Material for the task: Begin

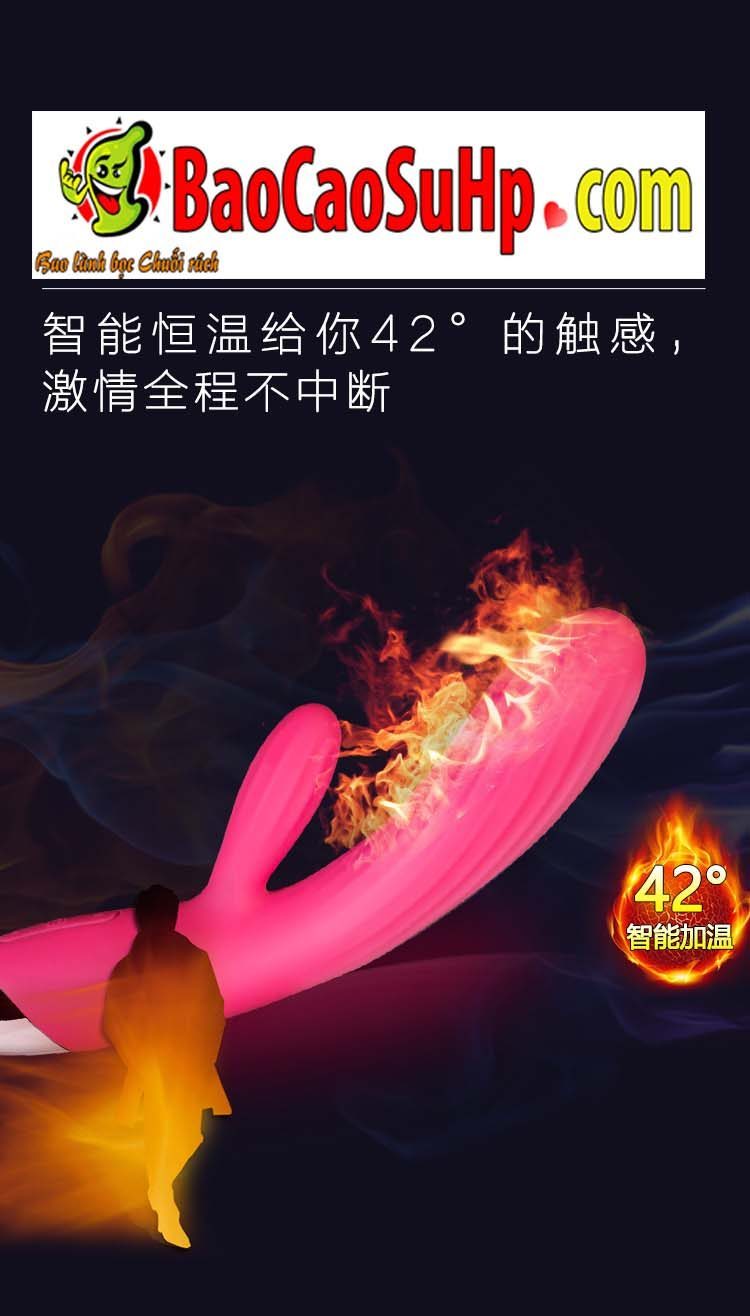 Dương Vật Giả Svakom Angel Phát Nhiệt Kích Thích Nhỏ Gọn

Material for the task: End
Material for the task: Begin

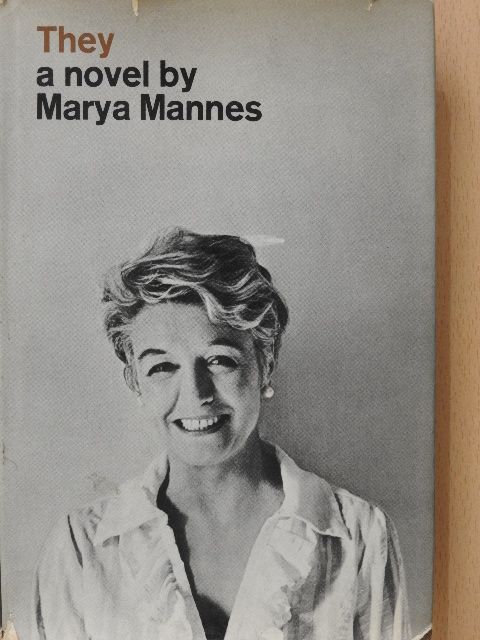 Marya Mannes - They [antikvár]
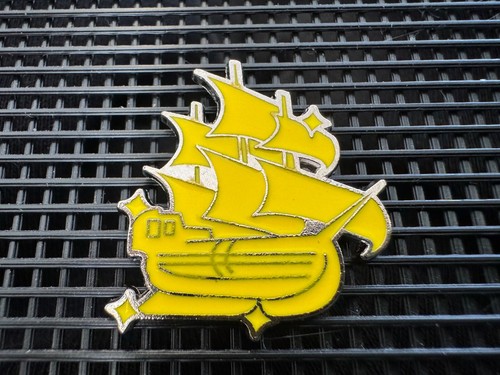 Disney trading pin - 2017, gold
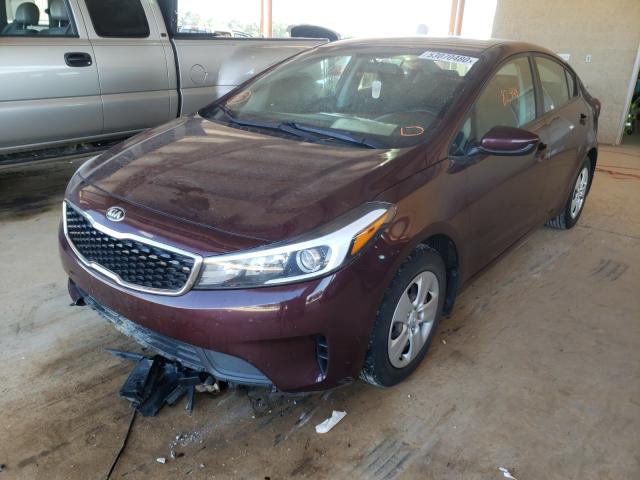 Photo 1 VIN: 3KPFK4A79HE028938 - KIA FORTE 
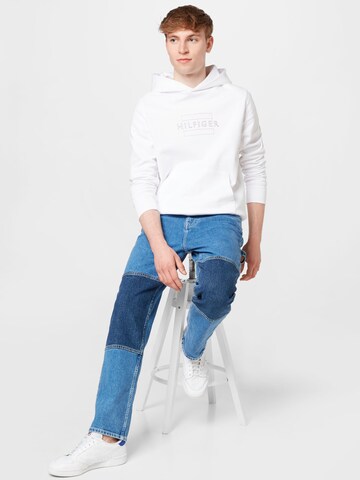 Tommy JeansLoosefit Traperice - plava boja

Material for the task: End
Material for the task: Begin

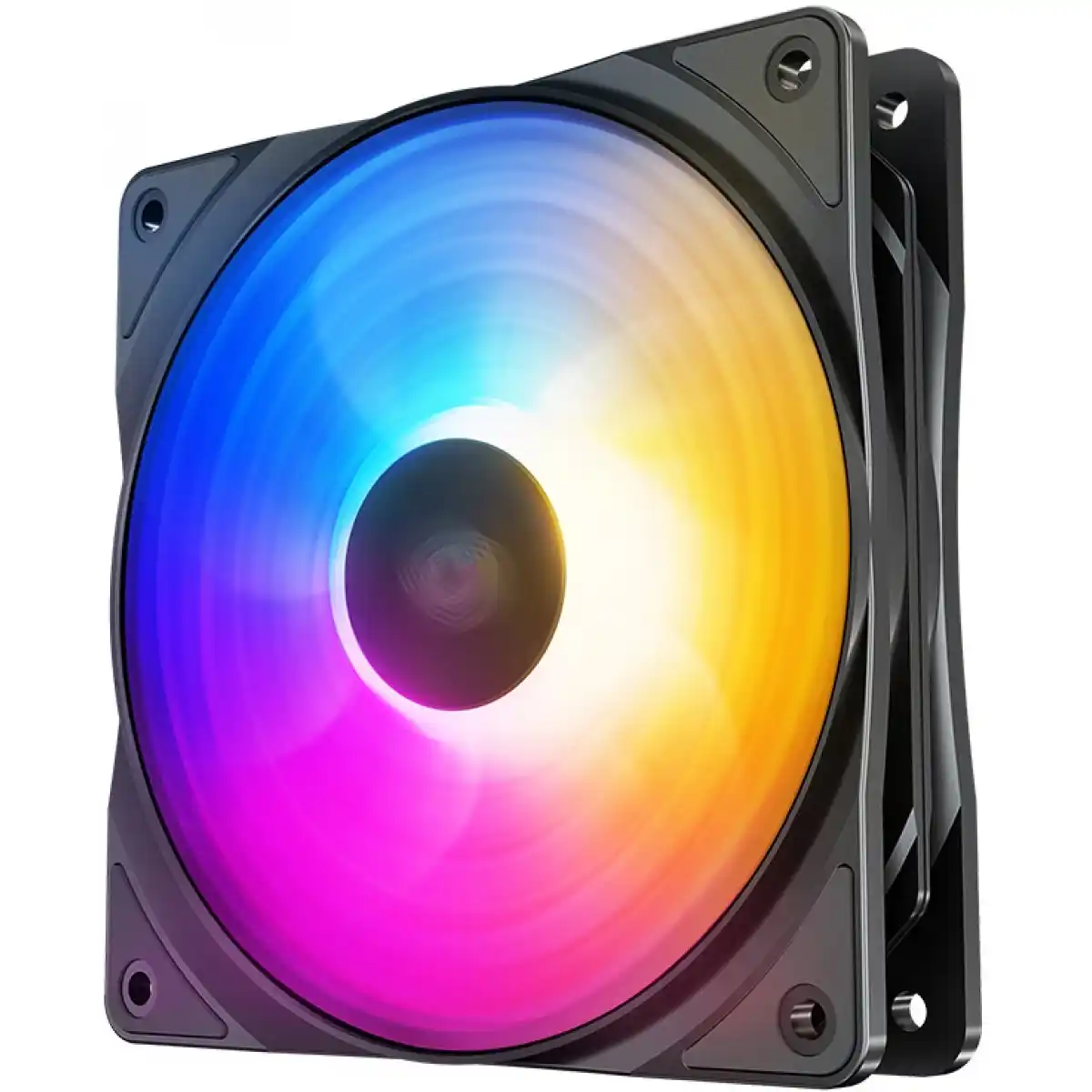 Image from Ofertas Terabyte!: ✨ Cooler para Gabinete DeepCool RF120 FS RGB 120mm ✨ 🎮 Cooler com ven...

Material for the task: End

Nothing except the lines from the one containing "Marya Mannes - They [antikvár]" through the one containing "Tommy JeansLoosefit Traperice - plava boja" should appear in the answer, exactly as above and without pictures.

■ **Task response**
 Marya Mannes - They [antikvár]
 Disney trading pin - 2017, gold
 Photo 1 VIN: 3KPFK4A79HE028938 - KIA FORTE 
 Tommy JeansLoosefit Traperice - plava boja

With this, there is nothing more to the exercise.